[The data Boundary: Start]

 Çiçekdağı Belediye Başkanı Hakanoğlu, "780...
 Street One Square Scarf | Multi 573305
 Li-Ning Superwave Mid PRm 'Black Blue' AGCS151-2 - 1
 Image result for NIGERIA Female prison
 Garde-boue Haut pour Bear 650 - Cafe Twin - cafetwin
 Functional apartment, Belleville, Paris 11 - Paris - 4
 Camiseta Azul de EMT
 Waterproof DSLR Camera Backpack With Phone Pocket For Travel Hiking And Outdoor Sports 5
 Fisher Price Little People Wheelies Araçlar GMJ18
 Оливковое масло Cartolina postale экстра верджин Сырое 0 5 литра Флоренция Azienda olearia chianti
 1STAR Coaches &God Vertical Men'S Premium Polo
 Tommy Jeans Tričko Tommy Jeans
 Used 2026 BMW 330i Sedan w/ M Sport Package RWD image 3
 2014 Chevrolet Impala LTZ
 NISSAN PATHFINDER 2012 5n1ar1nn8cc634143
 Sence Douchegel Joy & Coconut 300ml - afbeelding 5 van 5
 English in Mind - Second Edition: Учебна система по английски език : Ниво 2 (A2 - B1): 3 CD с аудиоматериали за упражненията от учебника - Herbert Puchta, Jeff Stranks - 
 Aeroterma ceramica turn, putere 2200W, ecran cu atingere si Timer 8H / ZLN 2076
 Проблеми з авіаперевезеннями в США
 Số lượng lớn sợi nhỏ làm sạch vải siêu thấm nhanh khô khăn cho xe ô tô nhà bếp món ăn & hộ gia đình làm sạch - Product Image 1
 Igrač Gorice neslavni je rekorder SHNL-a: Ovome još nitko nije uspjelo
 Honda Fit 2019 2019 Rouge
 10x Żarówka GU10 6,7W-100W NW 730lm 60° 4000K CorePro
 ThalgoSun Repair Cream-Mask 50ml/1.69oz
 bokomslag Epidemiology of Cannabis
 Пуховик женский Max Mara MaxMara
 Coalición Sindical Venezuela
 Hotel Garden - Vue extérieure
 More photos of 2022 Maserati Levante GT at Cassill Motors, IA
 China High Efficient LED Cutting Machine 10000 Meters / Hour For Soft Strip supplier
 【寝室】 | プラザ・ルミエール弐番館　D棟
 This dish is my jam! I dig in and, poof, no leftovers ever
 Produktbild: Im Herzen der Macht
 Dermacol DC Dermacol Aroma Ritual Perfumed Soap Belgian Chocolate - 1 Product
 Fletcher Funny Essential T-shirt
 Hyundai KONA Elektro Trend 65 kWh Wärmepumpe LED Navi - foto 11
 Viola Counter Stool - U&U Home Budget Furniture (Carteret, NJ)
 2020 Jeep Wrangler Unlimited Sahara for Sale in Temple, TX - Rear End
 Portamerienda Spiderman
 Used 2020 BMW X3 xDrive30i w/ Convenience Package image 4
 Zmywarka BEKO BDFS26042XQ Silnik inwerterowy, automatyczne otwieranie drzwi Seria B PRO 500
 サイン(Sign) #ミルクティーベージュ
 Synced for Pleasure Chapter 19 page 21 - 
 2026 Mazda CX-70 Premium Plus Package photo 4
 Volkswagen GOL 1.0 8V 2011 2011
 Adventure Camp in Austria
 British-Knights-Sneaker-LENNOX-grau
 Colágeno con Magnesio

[The data Boundary: End]

# About this task
Show the lines in the entries above that include the string "Package".

# Answer
 Used 2026 BMW 330i Sedan w/ M Sport Package RWD image 3
 Used 2020 BMW X3 xDrive30i w/ Convenience Package image 4
 2026 Mazda CX-70 Premium Plus Package photo 4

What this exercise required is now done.